The 'Caerhays Belle' in my garden is approaching thirty years old. The little stick which came in the  mail back then from Gossler Farms Nursery was my tiny share of a now famed heritage. The parentage is usually given as Magnolia sargentiana var. robusta and Magnolia sprengeri var. diva. It's blooming here this year for the first time - that's a long time to wait, but if nothing else, gardening teaches us patience, doesn't it? Let's hope the diva is expressed as diva in Joan Sutherland (rarely cancels, glorious in full bloom)  and not as in Maria Callas (Madame Callas will not be receiving the public today...).

It's hard to photograph the blooms of this plant because they are about  50' from where the photographer will be standing.  The smallest jiggle of the camera (set near its maximum telescopic range) throws the field off. I've also used Wayne's birding telescope to get a good look. Of the three images, the lowest one (the one not quite in focus) is one I took this morning. The upper ones were taken a bit later today by Wayne - they are crisply in focus.

The color is hard to describe, and seems to vary throughout the day. Sometimes it's the bright pink you see in the lowest of the attached images. Sometimes it's a much darker dried-blood red. And sometimes it matches exactly the cardinals (birds) in the garden. How exactly? Although there is no shortage of roosting spots in this garden, twice I've seen male cardinals approach the developing buds and land next to them as if checking out the new competition. The first time I saw this, I thought I was looking at two magnolia buds - until one of them moved and flew away!
I'll try to get more pictures later which show the beautifully contrasting red stamens.

The Diva's daughter is quite the eye full, isn't she?

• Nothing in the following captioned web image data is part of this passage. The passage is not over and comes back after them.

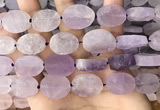 CNG3701 15.5 inches 15*20mm freeform rough lavender amethyst beads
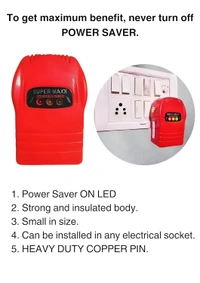 POWER SAVER Maxx Power Saver Gold Electricity Saving Device (ISI) (40% Save Upto Electricity Bill Everyday) Bill Saver Made in India Product Pack of 1 (1925)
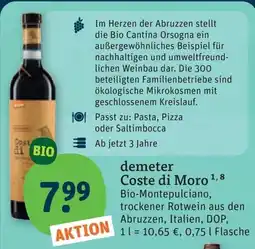tegut demeter Coste di Moro Angebot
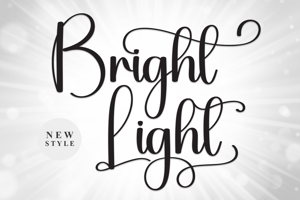 Related font Bright Light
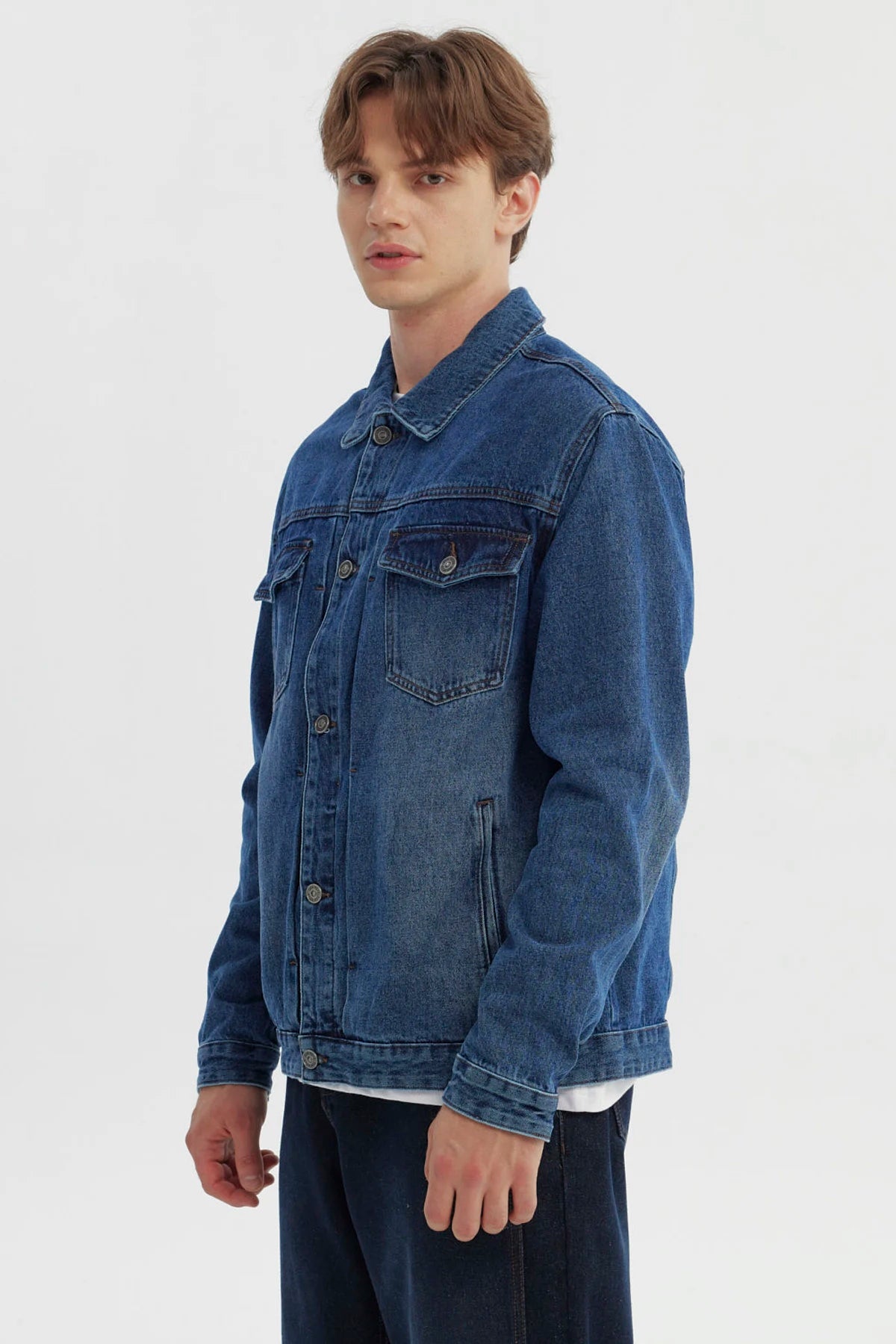 Chaqueta Hombre Clásica Azul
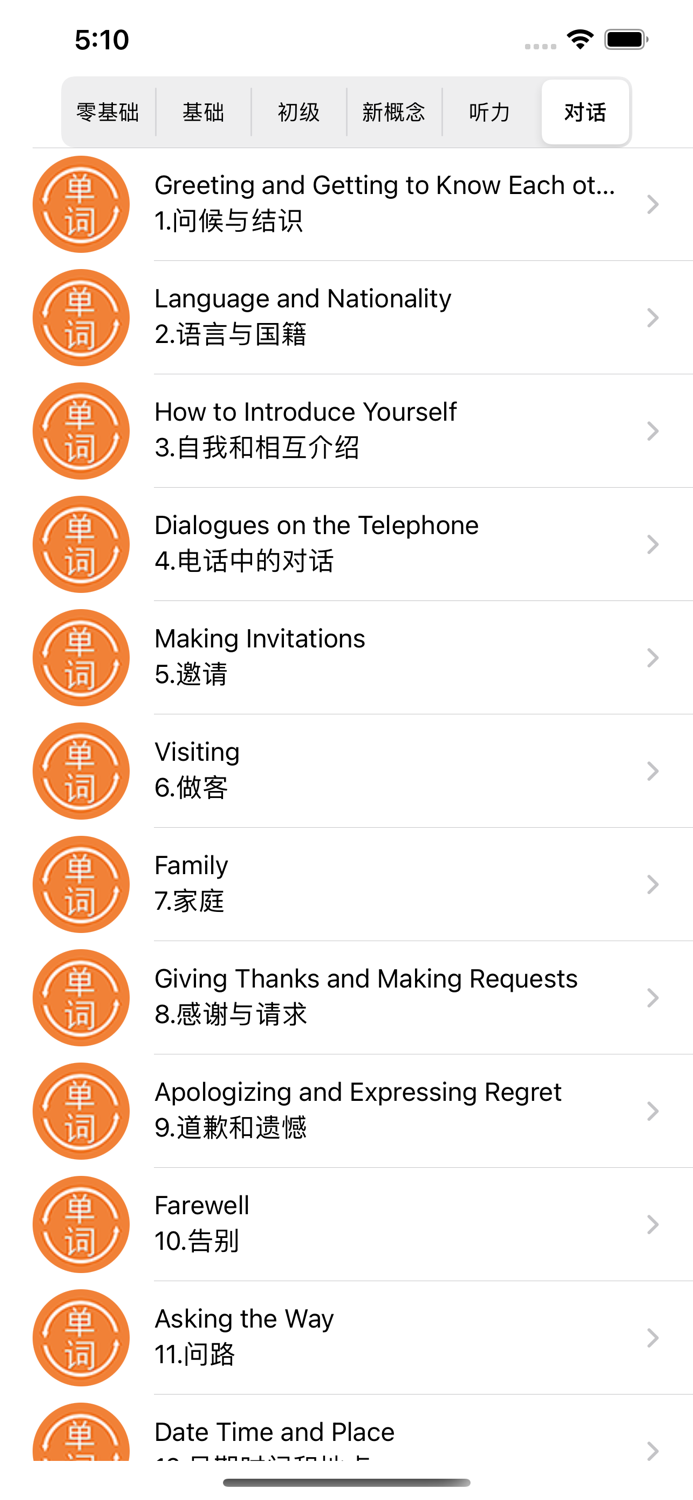 英语单词大全-零基础成人每日学习新概念英语-初级常用口语对话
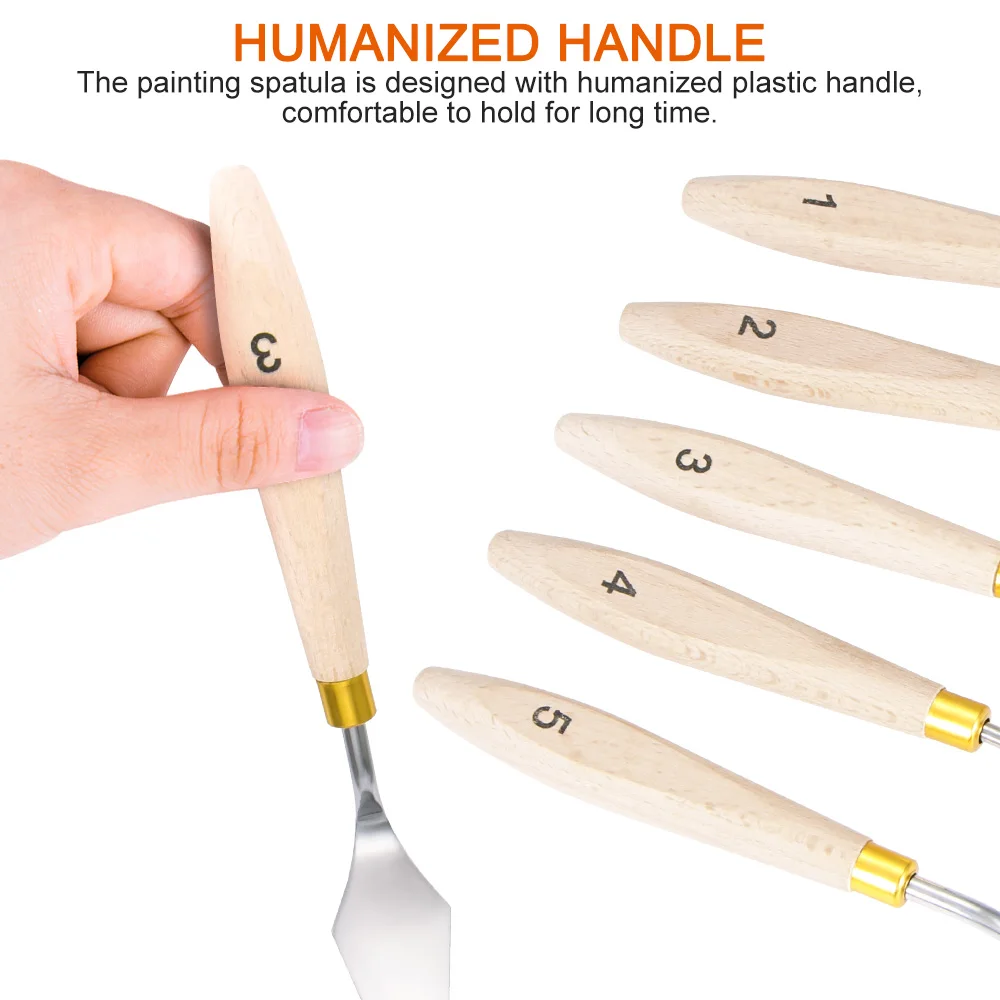 5 шт. Изобразительное искусство Профессиональный Нержавеющая сталь набор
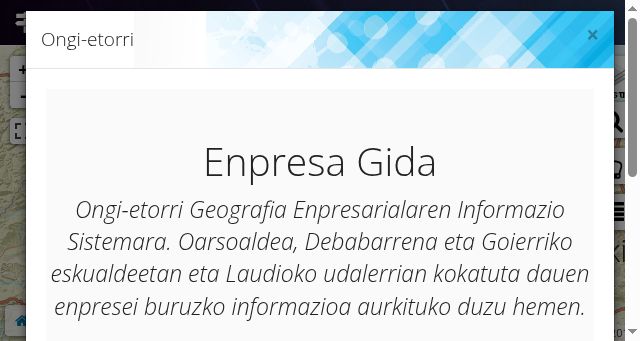 Screenshot of enpresagida.eus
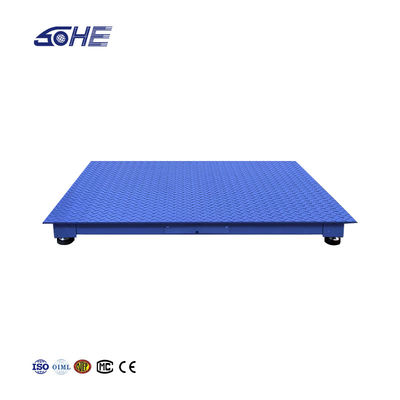 1.2*1.2m Échelle de plancher industriel en acier au carbone avec support et écran LED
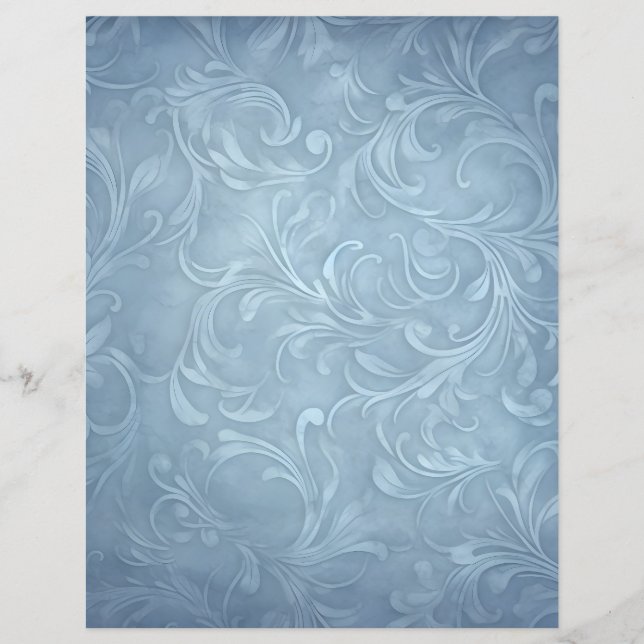 Elegantes Swirl Design Scrapbooking Papier (Vorderseite)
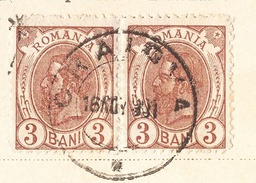 ROMANIA - LOCO  Art  CARD - 2x3 Bani  Mi. 118 - 1901 - Brieven En Documenten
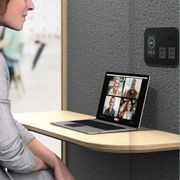 DUKE Single Seater Acoustic Office Silent Booth Pod - Terracotta gallery detail image
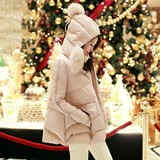 2015冬装新款孕妇装韩版大码斗篷羽绒服连帽中长款女加厚棉衣外套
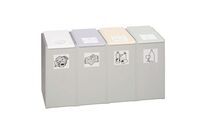 Poubelle Plastique Modulaire De Quatre Éléme Nts 40l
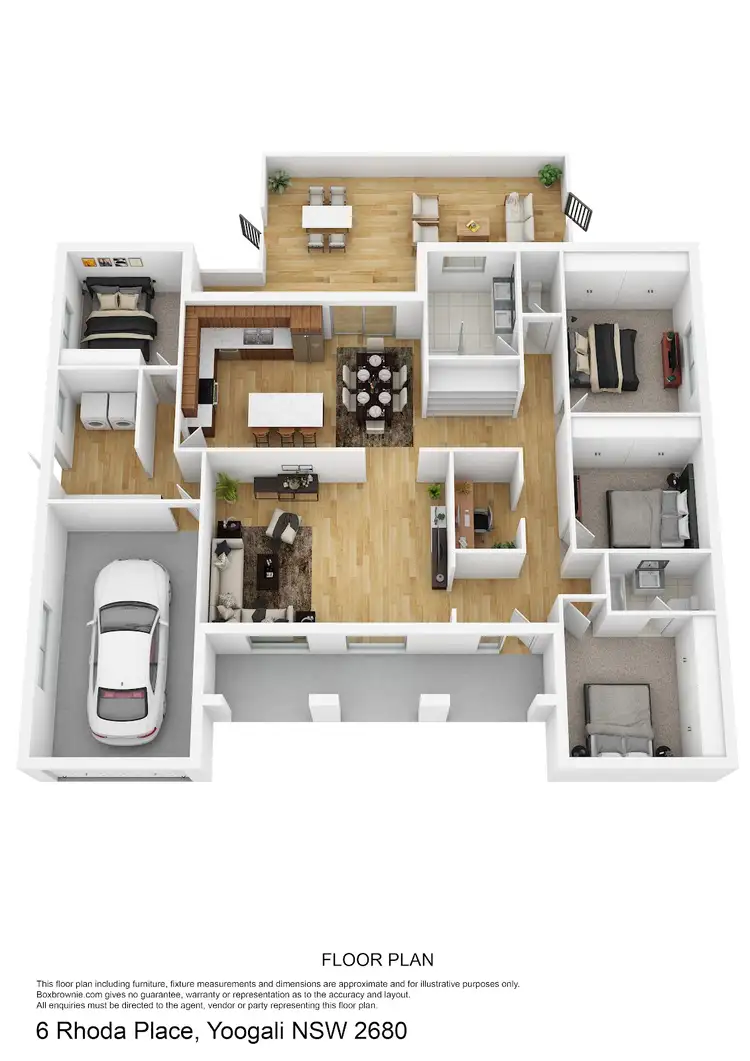 Floorplan of Homely house listing, 6 Rhoda Place, Yoogali NSW 2680
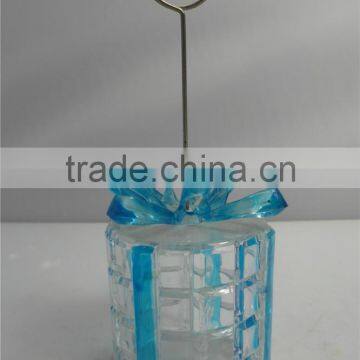 LED Plastic Acrylic Gift Box Lighting Businese Card Holder photo-5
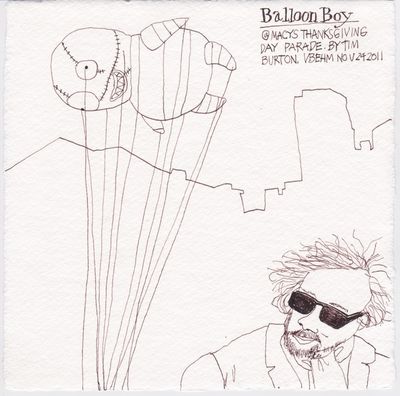 Victoria Behm, ‘Balloon Boy @ Macy's Thanksgiving Day Parade. By Tim Burton’, 2011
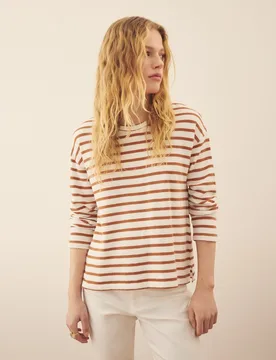 Sudadera de mujer con estampado de rayas - Southern Cotton - FashionsVida
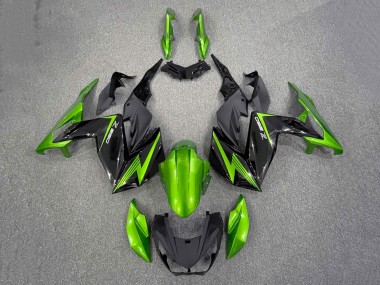 Venta Carenados Moto Kawasaki Z250/Z300 2015-2016 - Verde Negro Brillante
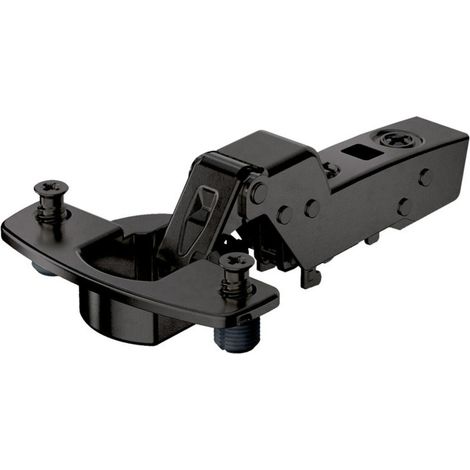 110Grad-Scharnier Sensys 8645i -4mm einliegd m vorm.Spreizmuff schwarz HETTICH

So far this debut performance consists of ten buds. Just before they start to open, the buds are maybe three inches long and the diameter of a big hen's egg. But until they start to show color they blend in very well. The buds, huge in comparison to, for instance, those of the star magnolias blooming now, are surprisingly hard to see. And they are not upright; they nod to a more nearly horizontal posture. This gives the open blooms a very fetching poise which reminds me of the blooms of the wonderful rose 'Madame Grégoire Staechelin'. Take a look here:

Friday, March 1, 2019

Is this a new pest so far unaddressed by the USDA?

It seems that March this year came in not as a lamb, not as a lion, not, as expected last night, as a snow leopard, but rather to the strains of a Rossini opera, La gazza ladra.

The buds on the willows are swelling, the birds are singing more, the hellebores, witch hazels, winter aconites, tommies, winter jasmine and snowdrops are blooming.

But, not all the signs of spring are welcome! Much as I enjoy the daily increase in birdsong at this time of year, one of the ‘’avian” visitors was definitely in the non grata category: La gazza ladra has made a visit, drawn from its lair by the blooming of the snowdrops.

While checking out the hellebores and witch hazels at the back of the garden yesterday, I had a disturbing surprise: the garden was the scene of snowdrop theft recently. Right in the middle of a wide band of long-established snowdrops there is a bare space about eighteen inches long and the width of a square-tipped shovel. Scattered nearby are some separated leaves and debris.

Although this ugly event puts me in some distinguished company, I would gladly have declined membership in this group! My garden is full of plants acquired fairly from friends: these remind me of those friendships long after the friends have moved on or the friends themselves have passed. When I have garden visitors, I sometimes identify these plants by the names of their donors. Some of you reading this are remembered in this way.

Please do me a favor: if, when visiting other gardens, the garden owner should slip and identify some snowdrops as "the snowdrops I purloined from Jim", please keep it to yourself - I don't want to know this about someone.

For those of you not into Rossini, La gazza ladra means "The thieving magpie". But of course it was not a magpie which did the deed: it was Homo sapiens galanthokleptistatus, a vile, feculent creature which seems to be on the increase.